Hat Merck die vorgeschlagene Warnung vor atypischen Femurfrakturen so formuliert, dass sie von der FDA abgelehnt werden könnte? Hatte der Arzneimittelhersteller gehofft, durch die schlechte Formulierung seines ersten Antrags Schutz vor Klagen zu schaffen, den die FDA nicht gewähren wollte? Wenn ja, werden andere Pharmaunternehmen die gleiche Taktik anwenden, um die Offenlegung von Arzneimittelrisiken gegenüber Patienten und Ärzten zu vermeiden?
Gemäß den FDA-Vorschriften tragen Arzneimittelhersteller jederzeit die Verantwortung für den Inhalt ihres Etiketts. Die FDA hat Pharmaunternehmen mindestens zwei Methoden bereitgestellt, um Warnhinweise auf ihren Arzneimitteletiketten hinzuzufügen, bevor oder bis die FDA den Warnhinweis genehmigt.

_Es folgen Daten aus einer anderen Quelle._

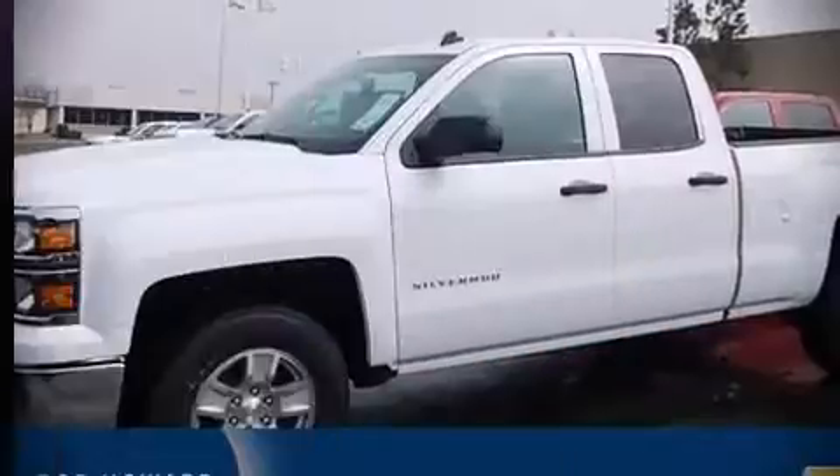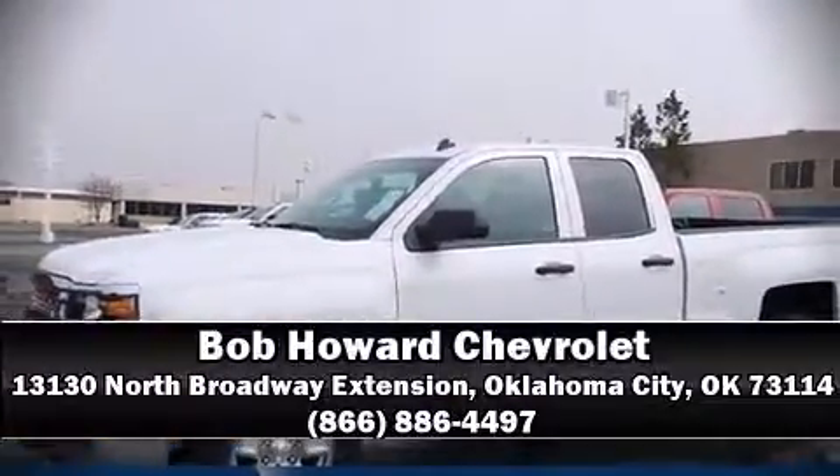We have a skilled and knowledgeable sales staff with many years of experience satisfying our customers' needs. Stop in and take a test drive.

Es gibt viele weitere Nuancen des Falles, die hier nicht erörtert werden. Der Fall kann aufgrund technischer rechtlicher Aspekte scheitern oder obsiegen. Hier steht jedoch ein zentraler Wert auf dem Spiel, den die Gerichte von Delaware bzw. nach diesem Verfahren der Oberste Gerichtshof klarstellen müssen: Patienten haben das Recht, die Risiken und Vorteile jedes Medikaments zu kennen, das ihnen verschrieben wird, und tragen die Verantwortung dafür Das Wissen und die Nachrichtenübermittlung liegen beim Hersteller des Arzneimittels.

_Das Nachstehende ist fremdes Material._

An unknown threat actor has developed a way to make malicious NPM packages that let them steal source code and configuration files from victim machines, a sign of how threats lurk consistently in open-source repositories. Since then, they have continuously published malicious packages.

Als Merck beschloss, diese Informationen nicht auf dem Etikett anzugeben, entschied man sich, den Patienten ein bekanntes und schwerwiegendes unerwünschtes Risiko nicht mitzuteilen. Patienten sollten in diesen Fällen das Recht haben, zu klagen. Ihnen wurden Informationen verweigert, die ihre Entscheidung, die Droge zu konsumieren oder nicht zu konsumieren, hätten ändern können. Und Arzneimittelhersteller sollten in Zukunft nicht mehr in der Lage sein, die Taktik von Merck zu nutzen, um eine fundierte Entscheidungsfindung zu umgehen.